Recently the federal government has been the focal point of the country as partisan fighting and gridlock have ruled the day. An inability to find compromise has resulted in a government shutdown and lots of negative commentary throughout the country.If this sounds like a familiar story, it is. California spent much of the last decade facing
budget gridlocks, partisan bickering, and severe budget cuts and shortfalls. However, recent news reports around the country have been talking about the comeback kid also known as the State of California.
Under the leadership of Governor Jerry Brown and a legislature controlled by a supermajority of Democrats, California is managing to pass legislation on highly controversial subjects. But what's the surprise? The legislation has been highly moderate and signed with the support of both parties. California has also produced an on-time budget and is experiencing an economic recovery that some claim is leading the country out of the recession.

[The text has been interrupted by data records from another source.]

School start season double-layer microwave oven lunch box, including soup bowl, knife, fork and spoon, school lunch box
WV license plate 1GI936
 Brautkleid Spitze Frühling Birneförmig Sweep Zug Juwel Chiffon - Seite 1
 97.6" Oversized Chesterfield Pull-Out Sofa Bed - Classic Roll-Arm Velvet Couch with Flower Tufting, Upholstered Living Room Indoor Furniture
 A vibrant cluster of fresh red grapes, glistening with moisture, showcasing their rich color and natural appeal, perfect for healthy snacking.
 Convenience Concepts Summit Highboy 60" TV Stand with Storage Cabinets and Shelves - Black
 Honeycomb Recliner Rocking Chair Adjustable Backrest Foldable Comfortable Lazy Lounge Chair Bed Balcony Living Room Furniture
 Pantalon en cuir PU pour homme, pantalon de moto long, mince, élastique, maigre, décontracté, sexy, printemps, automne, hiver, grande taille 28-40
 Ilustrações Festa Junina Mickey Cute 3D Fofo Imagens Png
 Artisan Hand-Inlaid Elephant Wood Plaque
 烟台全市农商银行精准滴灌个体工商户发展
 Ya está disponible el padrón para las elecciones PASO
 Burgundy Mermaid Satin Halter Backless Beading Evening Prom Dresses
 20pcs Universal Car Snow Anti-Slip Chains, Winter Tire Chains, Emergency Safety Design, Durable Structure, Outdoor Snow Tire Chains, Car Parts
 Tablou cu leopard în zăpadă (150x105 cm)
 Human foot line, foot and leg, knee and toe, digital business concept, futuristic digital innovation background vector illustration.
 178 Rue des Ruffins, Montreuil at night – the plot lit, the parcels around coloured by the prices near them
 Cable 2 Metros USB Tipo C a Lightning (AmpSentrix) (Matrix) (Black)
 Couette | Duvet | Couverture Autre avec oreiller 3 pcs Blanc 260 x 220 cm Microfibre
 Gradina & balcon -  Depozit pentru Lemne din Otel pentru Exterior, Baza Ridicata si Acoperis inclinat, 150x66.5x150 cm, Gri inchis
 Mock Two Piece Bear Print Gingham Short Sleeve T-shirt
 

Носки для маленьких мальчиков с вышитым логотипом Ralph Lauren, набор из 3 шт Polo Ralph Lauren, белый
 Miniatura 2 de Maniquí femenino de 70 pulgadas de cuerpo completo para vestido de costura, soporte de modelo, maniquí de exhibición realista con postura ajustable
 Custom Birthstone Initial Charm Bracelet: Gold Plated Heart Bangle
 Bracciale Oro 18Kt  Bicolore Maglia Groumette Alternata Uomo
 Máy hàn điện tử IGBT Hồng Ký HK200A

What is the cause of this unexpected turnaround? Before last election cycle, California conducted an independent redistricting of its districts. Some say it was a big success, some say it is the entire process was really controlled by Democrats. California also conducted its first elections under the nonpartisan "Top-Two" primary act, which changed the purpose for which primaries are conducted. Traditional primaries are designed to elect party nominees. Nonpartisan primaries are designed to narrow the field of candidates, regardless of party affiliation.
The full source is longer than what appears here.